# Beer for breakfast...



## TheSmokingHiker (Jan 11, 2005)

While long distance backpacking, you burn an ungodly amount of calories. When I spend a few days intown, I always eat like a king. My usual morning routine intown was a box of Apple Jacks with a half gallon or so of milk. Sometimes I would add a loaf of bread with apple butter. One morning, I had a few beers leftover from the night before, and I decided that it would go well with breakfast. That started a grand tradition. I found that I enjoy a nice light Hopsy beer in the morning like a good IPA. Then, as I work my way through a long day of calorie consumption, I would work towards darker beers. Anyone else have any specific types of beer they like with breakfast? I guess I will throw out a Sierra Nevada Pale Ale for my go to morning beer.


----------



## croatan (Mar 23, 2005)

I like a hefeweizen for breakfast. All that wheat makes it kind of like cereal


----------



## Lumpold (Apr 28, 2005)

Not strictly beer, but I like a nice sweet cider in the morning. If it is beer I go for leffe blond or a timothy taylor's landlord.


----------



## CJupdike (Sep 7, 2005)

I'm supposing all the Beerios that I ate during college don't really count, eh?

I don't think my stomach could handle a beer in the morning, or anything with carbonation for that matter. I could go with a good table wine though, something sweet to go with my Capt. Crunch.


----------



## galaga (Sep 18, 2003)

TheSmokingHiker said:


> While long distance backpacking, you burn an ungodly amount of calories. When I spend a few days intown, I always eat like a king. My usual morning routine intown was a box of Apple Jacks with a half gallon or so of milk. Sometimes I would add a loaf of bread with apple butter. One morning, I had a few beers leftover from the night before, and I decided that it would go well with breakfast. That started a grand tradition. I found that I enjoy a nice light Hopsy beer in the morning like a good IPA. Then, as I work my way through a long day of calorie consumption, I would work towards darker beers. Anyone else have any specific types of beer they like with breakfast? I guess I will throw out a Sierra Nevada Pale Ale for my go to morning beer.
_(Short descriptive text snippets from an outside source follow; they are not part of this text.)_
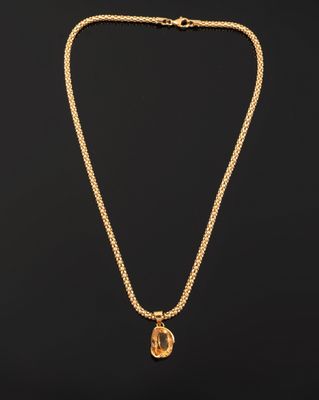 un collier en or avec une pièce de monnaie sur une chaîne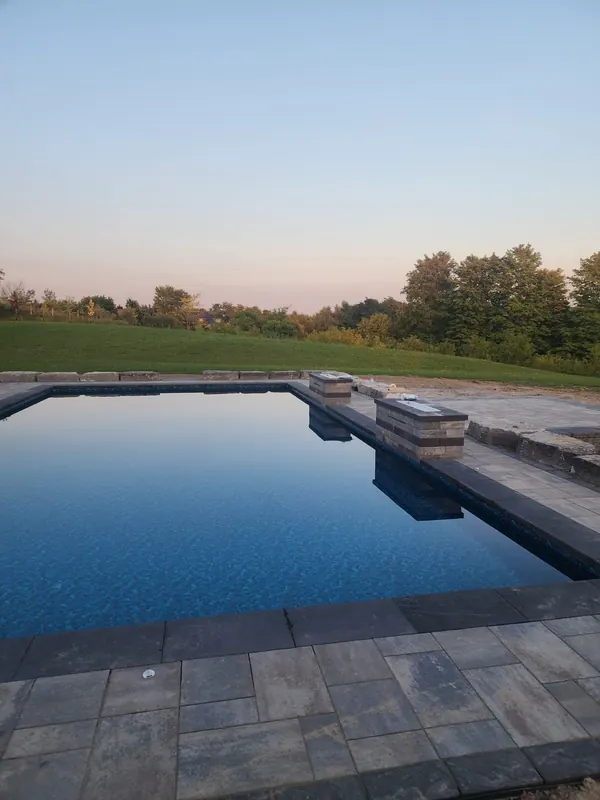 Pool with stone feature columns at sunset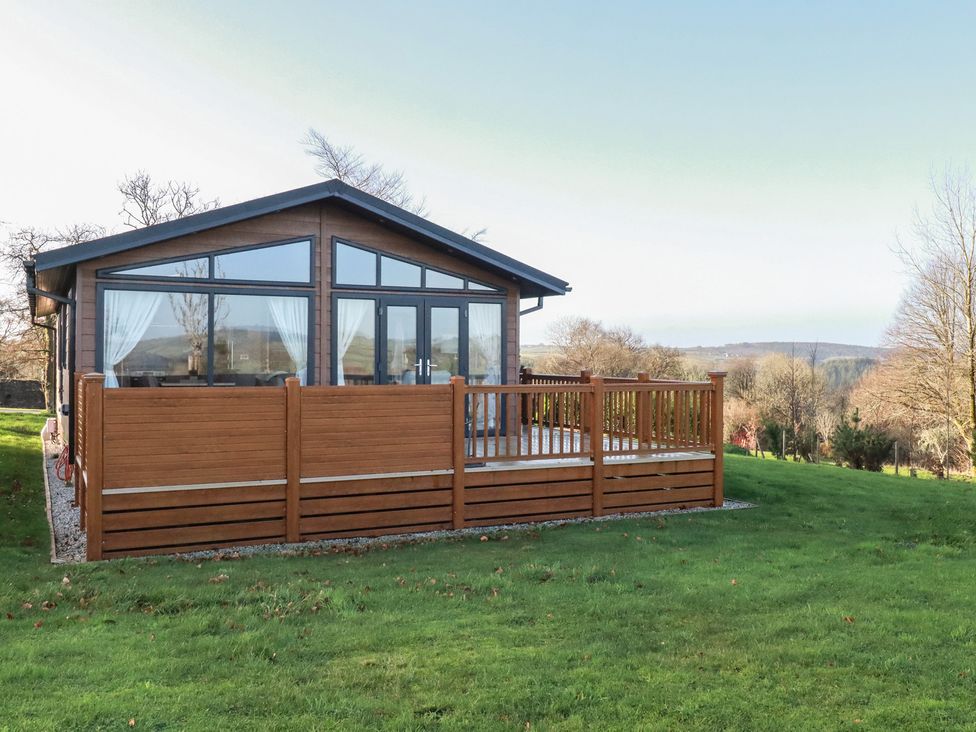 A wooden deck with a house at Moorland View in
Anchor Steam with Ham and eggs.....YUM.


----------



## Jeff (Jan 2, 2005)

When I visited Russia, they would have beer in the morning with breakfast. Used to like Baltica or beers with low carbonation.


----------



## rjose (Jul 7, 2005)

I always go for the beer and cigarette breakfast when I'm camping. Nothing fancy ... Bud, Miller, PBR.


----------



## kjpman (Dec 31, 1999)

Sierra Nevada is a good choose, so is Anchor steam, but i also like Pilsner Urquel or a nice stout (gotta be all the espresso hints), but ive also known to have a Summit EPA or a Dry hopped Hazed and Infused from RBC (great citrus and hoppy taste)


...kjpman "all i wanna do is drink beer for breakfast!"


----------



## rjose (Jul 7, 2005)

kjpman said:


> "all i wanna do is drink beer for breakfast!"
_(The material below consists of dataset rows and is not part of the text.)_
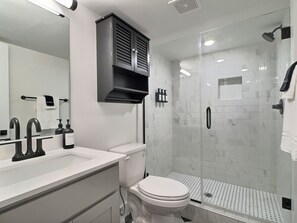 A modern bathroom with a white sink, black faucets, a white toilet, and a glass-enclosed shower area. - Tranquil Getaway w/ Pool & Extra Large Balcony (Birmingham)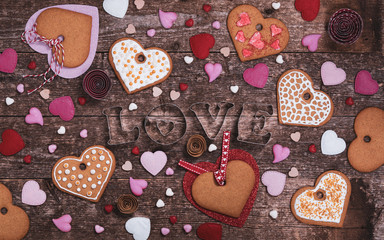 Love Valentines Day Background. Valentines Day Heart Shaped Cookies on Wooden Background. Selective focus.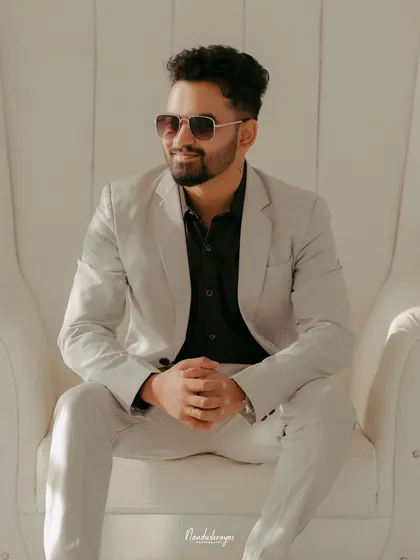 A dapper solo portrait of the groom-to-be, looking sharp in a light-colored suit while seated in a modern white throne chair.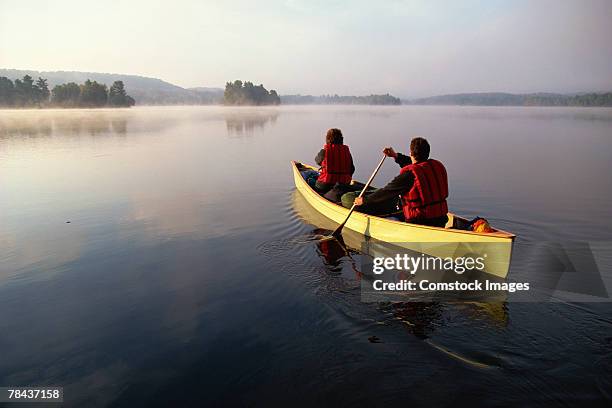 people canoeing on lake - two people canoeing on a lake stock pictures, royalty-free photos & images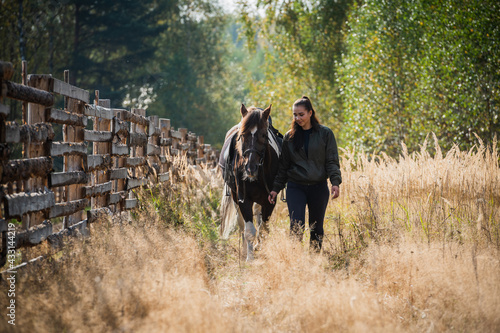 Walking a girl with a horse along the fence at the ranch in the fall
"all i wanna eat is them barbaque chips"


----------



## calistogey (Jun 14, 2005)

Typical when in Vegas or Laughlin, usually while standing in line for the buffet.


----------



## Don Fernando (Jan 1, 2000)

i prefer whiskey in the coffee to beer


----------



## DrStrangelove (Jun 8, 2005)

Im suprised I haven't see the original breakfast beer mentioned - Guinness Draught.
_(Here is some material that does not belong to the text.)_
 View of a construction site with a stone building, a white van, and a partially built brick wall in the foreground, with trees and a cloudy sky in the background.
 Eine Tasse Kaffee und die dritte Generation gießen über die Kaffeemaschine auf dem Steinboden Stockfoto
After a long night of whisky drinking theres nothing better than waking up to that little green leprochaun saying 'ere ye go ya poour Irish Man, geev that Whisky drinkin belly o' yours sometin it can stomach!'.

There have been mornings where I couldn't keep a glass of water down but good old nurturing, refreshing, delicious, and creamy Guinness Draught was there for me.


----------



## floydp (Jun 6, 2004)

Nothing says morning like Jack and Cherrios...


----------



## TheSmokingHiker (Jan 11, 2005)

rjose said:


> I always go for the beer and cigarette breakfast when I'm camping. Nothing fancy ... Bud, Miller, PBR.


I love some whiskey in the morning when I am camping. Nothing warms you up on those cold mornings like a nice pull of Wild Turkey before you get hiking. Now, if I am just camping, and not backpacking, which is highly unlikely for me, I love to make my way through a case or so of Yuengling Lager.


----------



## D. Generate (Jul 1, 2004)

Oatmeal Stout. It's like breakfast in a bottle.


----------



## t'kay (Jan 30, 2005)

I'd go with an Espresso Stout..like a cup o' coffee but puts off the hangover for a few more hours..


----------



## D. Generate (Jul 1, 2004)

All I wanna do is drink beer for breakfast 
All I wanna eat is them barbeque chips 
All I want is someone to just try and protect us 
You can try but you'd never wanna defend us


----------